Sua finalidade é outra, despreza a
informação -chega mesmo a informar errado propositadamente- e não se obriga a emitir qualquer opinião. Seu objetivo é outro: o clima, o subjacente, o que
não é dito e muitas vezes nem
chega a ser insinuado, mas tem de
ser adivinhado pelo usuário.
Paralela a essa distinção de uso
e finalidade, jornalismo e literatura podem se conflitar e ajudar,
dependendo de diversas variantes. O mais comum é considerar o
jornalismo um modo de fazer literatura ou subordinar a literatura
a um modo do jornalismo. Em
ambos os casos, o produto é híbrido, não chega a ser boa literatura
nem bom jornalismo. Cada macaco no seu galho -acho que o
velho ditado nasceu de um escritor que fazia jornalismo ou o contrário, de um jornalista que tentava ser escritor.
Limitando a questão ao Brasil,
sua literatura e seu jornalismo, é
impressionante (e confuso) o número daqueles que exerceram,
eventual ou permanentemente,
as duas funções. Bem verdade
que, antigamente, jornalista era
todo aquele que escrevia em jornal: artigos, ensaios, comentários,
resenhas, crônicas, críticas e reportagens. Até hoje, quando se
diz que fulano é escritor e jornalista, a classificação de jornalista
fica por conta das colaborações
feitas nos jornais. Machado de
Assis e Carlos Drummond de Andrade sempre escreveram para
jornais, mas seriam incapazes de
fazer um lide, de condensar num
título o importante da informação ou da opinião.
Na realidade, como escritores,
eles se lixavam para a informação e a opinião. O que lhes importava era a visão de mundo que
haviam criado, o gosto ou desgosto da condição humana em sua
essência, e não em seus acidentes
factuais. Mas, para todos os efeitos, eram escritores e jornalistas.
Como em outras partes ao longo da história e da geografia, o
ofício de escritor geralmente não
dá para o sustento básico de cada
um. Swift foi juiz, Tolstói, fazendeiro no fim e soldado no início,
Kafka, bancário, Eça, diplomata,
Machado de Assis, funcionário.
Nada de mais que seja grande o
número daqueles que, não sendo
magistrados, fazendeiros, bancários, diplomatas e funcionários,
apelem para o ofício de jornalista
pelas afinidades periféricas da
função: lidam com as palavras,
formam frases e têm a impressão
de formar opinião, uma opinião
setorizada, sujeita a chuvas e trovoadas da circunstância e do sistema de poder em cada redação.

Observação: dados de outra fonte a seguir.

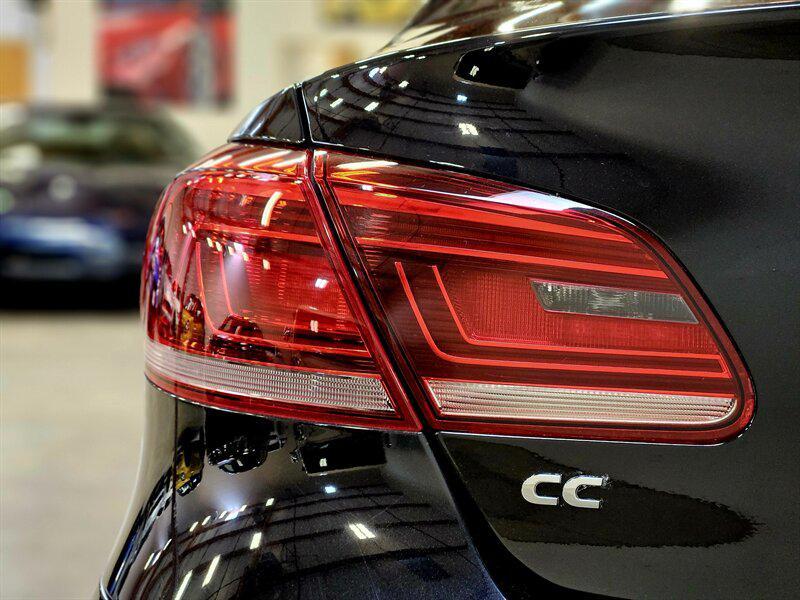 used 2017 Volkswagen CC car, priced at $13,465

Já o escritor, mesmo que seja
jornalista profissionalizado, tem
o recurso usado por Goya, que
não era jornalista nem escritor,
mas pintor. Como artista contratado pelo rei da Espanha, ele pintava tudo o que lhe pediam, retratava o soberano, a rainha, os
príncipes, os folguedos da corte, as
grandes damas da época. Fora de
suas funções oficiais, ele conseguia expressar seu mundo interior, sua visão goyesca da vida
-e lá estão, na Quinta del Sordo,
seus dibujos famosos, Saturno devorando seu filho, o sonho da razão produzindo monstros.
Nos dois modos, ele usou o mesmo material: o desenho, a cor, o
quadro. E em ambos deixou a lava do vulcão que o consumia.